# WHAT IS BEING ASKED:
Each line below from the one containing "Chain AP2401 A" through the one containing "8 Shadlow Crescent, St Clair NSW 2330" should be output exactly as it stands, and no other line should appear.

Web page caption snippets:
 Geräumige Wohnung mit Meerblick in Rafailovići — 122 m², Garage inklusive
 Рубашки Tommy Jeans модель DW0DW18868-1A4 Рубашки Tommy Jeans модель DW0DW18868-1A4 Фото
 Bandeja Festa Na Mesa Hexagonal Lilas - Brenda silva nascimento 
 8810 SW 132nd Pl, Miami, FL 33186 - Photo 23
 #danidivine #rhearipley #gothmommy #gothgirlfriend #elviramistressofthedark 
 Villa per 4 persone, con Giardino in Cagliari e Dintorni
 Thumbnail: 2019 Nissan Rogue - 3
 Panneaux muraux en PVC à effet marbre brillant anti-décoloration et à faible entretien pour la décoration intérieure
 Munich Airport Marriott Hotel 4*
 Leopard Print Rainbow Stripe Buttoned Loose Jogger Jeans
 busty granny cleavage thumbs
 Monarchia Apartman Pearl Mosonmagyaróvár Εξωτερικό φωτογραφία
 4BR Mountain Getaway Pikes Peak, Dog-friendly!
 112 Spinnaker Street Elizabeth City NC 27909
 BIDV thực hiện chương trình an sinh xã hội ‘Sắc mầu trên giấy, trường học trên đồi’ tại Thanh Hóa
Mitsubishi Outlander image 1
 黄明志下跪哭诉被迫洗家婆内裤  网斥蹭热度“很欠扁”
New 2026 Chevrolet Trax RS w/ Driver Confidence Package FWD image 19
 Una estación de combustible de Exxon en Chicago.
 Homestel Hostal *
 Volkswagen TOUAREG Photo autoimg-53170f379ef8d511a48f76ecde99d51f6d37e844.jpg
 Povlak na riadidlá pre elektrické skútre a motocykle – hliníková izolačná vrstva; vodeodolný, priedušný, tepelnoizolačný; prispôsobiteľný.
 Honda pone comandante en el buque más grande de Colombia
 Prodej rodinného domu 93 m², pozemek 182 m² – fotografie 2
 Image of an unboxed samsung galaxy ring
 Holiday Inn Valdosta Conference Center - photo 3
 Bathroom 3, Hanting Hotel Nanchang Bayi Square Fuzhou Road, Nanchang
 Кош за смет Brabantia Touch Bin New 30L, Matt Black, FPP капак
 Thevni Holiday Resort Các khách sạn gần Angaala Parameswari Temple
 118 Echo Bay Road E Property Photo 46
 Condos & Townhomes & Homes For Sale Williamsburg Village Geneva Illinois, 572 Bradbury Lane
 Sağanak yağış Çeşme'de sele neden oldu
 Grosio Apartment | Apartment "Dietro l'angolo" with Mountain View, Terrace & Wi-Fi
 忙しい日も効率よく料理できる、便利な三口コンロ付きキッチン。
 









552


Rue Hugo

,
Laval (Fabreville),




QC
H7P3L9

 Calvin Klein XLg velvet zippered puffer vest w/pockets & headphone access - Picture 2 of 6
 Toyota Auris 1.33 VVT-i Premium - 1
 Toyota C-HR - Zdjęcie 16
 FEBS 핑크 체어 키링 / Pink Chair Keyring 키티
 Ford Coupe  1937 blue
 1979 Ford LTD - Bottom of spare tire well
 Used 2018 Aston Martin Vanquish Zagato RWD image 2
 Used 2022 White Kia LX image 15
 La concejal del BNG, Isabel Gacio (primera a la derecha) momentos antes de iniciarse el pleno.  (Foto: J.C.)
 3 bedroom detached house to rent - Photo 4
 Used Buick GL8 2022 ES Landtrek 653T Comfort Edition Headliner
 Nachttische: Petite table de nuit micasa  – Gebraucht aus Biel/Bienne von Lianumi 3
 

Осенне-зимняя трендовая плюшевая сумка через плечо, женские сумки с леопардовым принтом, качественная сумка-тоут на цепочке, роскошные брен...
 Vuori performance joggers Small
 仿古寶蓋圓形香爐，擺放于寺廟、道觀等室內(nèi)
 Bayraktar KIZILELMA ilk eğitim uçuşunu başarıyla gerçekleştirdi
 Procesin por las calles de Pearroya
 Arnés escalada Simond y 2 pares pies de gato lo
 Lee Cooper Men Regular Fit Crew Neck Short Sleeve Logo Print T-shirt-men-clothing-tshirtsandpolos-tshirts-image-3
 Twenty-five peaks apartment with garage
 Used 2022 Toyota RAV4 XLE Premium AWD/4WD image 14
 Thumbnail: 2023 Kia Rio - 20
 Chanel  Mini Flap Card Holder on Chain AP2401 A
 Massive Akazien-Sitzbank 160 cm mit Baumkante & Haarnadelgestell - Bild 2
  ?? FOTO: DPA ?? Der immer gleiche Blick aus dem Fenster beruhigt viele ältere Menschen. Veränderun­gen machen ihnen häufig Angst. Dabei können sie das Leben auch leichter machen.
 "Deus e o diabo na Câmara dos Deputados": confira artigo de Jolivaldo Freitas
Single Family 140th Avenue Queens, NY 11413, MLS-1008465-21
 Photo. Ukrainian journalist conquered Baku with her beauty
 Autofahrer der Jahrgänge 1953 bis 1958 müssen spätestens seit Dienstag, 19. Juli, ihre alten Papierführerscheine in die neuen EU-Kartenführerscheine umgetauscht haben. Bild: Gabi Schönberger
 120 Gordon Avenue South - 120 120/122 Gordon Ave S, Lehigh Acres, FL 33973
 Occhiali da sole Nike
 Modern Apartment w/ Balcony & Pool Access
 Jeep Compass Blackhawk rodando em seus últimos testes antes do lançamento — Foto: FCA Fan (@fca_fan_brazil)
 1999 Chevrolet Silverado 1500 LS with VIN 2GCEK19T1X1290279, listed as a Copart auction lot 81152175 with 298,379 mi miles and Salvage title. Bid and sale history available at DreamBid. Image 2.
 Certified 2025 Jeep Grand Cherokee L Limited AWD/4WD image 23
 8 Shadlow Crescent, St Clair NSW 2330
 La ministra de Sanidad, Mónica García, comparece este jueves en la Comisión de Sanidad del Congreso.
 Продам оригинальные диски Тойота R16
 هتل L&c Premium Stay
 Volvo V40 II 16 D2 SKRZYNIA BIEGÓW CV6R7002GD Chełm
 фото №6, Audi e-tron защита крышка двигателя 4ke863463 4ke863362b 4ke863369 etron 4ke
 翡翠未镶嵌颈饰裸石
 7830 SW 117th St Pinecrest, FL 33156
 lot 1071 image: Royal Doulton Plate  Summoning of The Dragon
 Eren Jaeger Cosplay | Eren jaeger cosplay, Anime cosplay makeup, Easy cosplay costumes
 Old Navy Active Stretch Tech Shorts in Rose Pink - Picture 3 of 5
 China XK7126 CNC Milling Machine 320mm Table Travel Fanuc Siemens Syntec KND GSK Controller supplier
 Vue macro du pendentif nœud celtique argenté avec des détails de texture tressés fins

# RESPONSE:
 Chanel  Mini Flap Card Holder on Chain AP2401 A
 Massive Akazien-Sitzbank 160 cm mit Baumkante & Haarnadelgestell - Bild 2
  ?? FOTO: DPA ?? Der immer gleiche Blick aus dem Fenster beruhigt viele ältere Menschen. Veränderun­gen machen ihnen häufig Angst. Dabei können sie das Leben auch leichter machen.
 "Deus e o diabo na Câmara dos Deputados": confira artigo de Jolivaldo Freitas
Single Family 140th Avenue Queens, NY 11413, MLS-1008465-21
 Photo. Ukrainian journalist conquered Baku with her beauty
 Autofahrer der Jahrgänge 1953 bis 1958 müssen spätestens seit Dienstag, 19. Juli, ihre alten Papierführerscheine in die neuen EU-Kartenführerscheine umgetauscht haben. Bild: Gabi Schönberger
 120 Gordon Avenue South - 120 120/122 Gordon Ave S, Lehigh Acres, FL 33973
 Occhiali da sole Nike
 Modern Apartment w/ Balcony & Pool Access
 Jeep Compass Blackhawk rodando em seus últimos testes antes do lançamento — Foto: FCA Fan (@fca_fan_brazil)
 1999 Chevrolet Silverado 1500 LS with VIN 2GCEK19T1X1290279, listed as a Copart auction lot 81152175 with 298,379 mi miles and Salvage title. Bid and sale history available at DreamBid. Image 2.
 Certified 2025 Jeep Grand Cherokee L Limited AWD/4WD image 23
 8 Shadlow Crescent, St Clair NSW 2330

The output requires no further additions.